The now-frequent refrains that Putin’s war is intended to reduce demographic decline, or that, conversely, it will precipitate imminent demographic collapse, are not supported by evidence. The argument that the deportation of Ukrainian children into Russia represents “biopolitical imperialism” has to be balanced by the regime’s utter lack of interest in the wellbeing of the vulnerable and their social reproduction in general.
Active misconception 4: People in Russia pay attention to the daily minutiae of the war – such as the ongoing fight for Bakhmut, Prigozhin’s petulant antics, or Ukraine’s recent alleged drone strike on the Kremlin.
Reality: The more unpleasant and potentially real the war becomes to the average Russian, the more they distance themselves cognitively.
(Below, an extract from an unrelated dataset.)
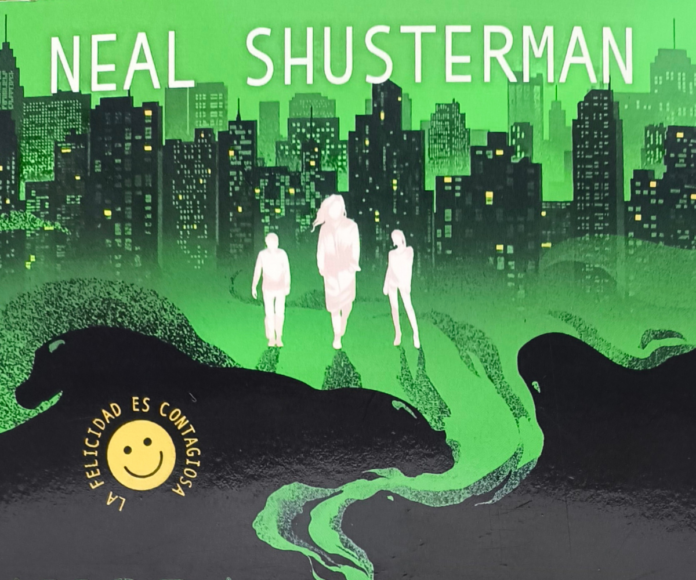 Ahora todo es mejor_destacada Portada de "Ahora todo es mejor" de Neal Shusterman, editada por Nocturna |Fuente: fantasymundo.com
People feel the unnerving reality of anti-aircraft missiles being installed in Moscow, but even then, they (perhaps rightly) conclude that this is both theatre and intended to protect their betters. It isn’t about them. This is the common refrain: “It’s nothing to do with me.”
Is this cynicism or close to the truth? Can ordinary Russians vote out Putin? Can they protest without risk of torture and 25 years in the worst possible jail conditions? Did they consent to this war? Does their ‘public’ opinion matter, in the unlikely event they are asked it?
Once again, while there are the creeping realities of war, normalisation of the abnormal continues – such as rising prices or the nationalisation of favourite foreign brands. The death of a neighbour’s son at the front or the car-bombing of an ultra-nationalist figure most people have never heard of – these are uncomfortable things, but they can quickly be put out of sight and mind.
Do Russia’s scaled-back celebrations on Victory Day (commemorating the Soviet defeat of Nazi Germany) indicate it is no longer possible to ignore the possibility of the war ‘coming home’?
Not really. People will continue to keep their worries, their cares and their remembrances private. People will actively connect and resist, but they will be a minority – just like the minority responding to the call of the motherland to fight and die for an unhinged clique’s vision of Russia resurgent.
Sounds very much like a description of the US.
Blast it, you beat me to it!
Are we sure the author has not confused Pittsburgh with Chelyabinsk?
I was betting on US nationality but now, I’d go with UK.
I get the feeling that the author is a glass half empty rather than half full but he makes some interesting points.
On the other hand:
” I’m also (probably) the only researcher with long-term contacts from all walks of life, who can get reliable responses and avoid many of the biases those studying Russia are unavoidably subject to. ”
suggests an interesting level of arrogance. If I have the right Jeremy Morris, he says “I have extensive in-country experience and knowledge of contemporary Russia, having lived and worked there in the 1990s. I hope his contacts and in-country experience are current up until after the start of the SMO.
I’m always amused at how Russian liberals and critics of the Russian government portray their country’s problems as so unique and extreme without realizing how the US has many similar problems in terms of the establishment being corrupt and resorting to various methods of maintaining power and controlling the narrative.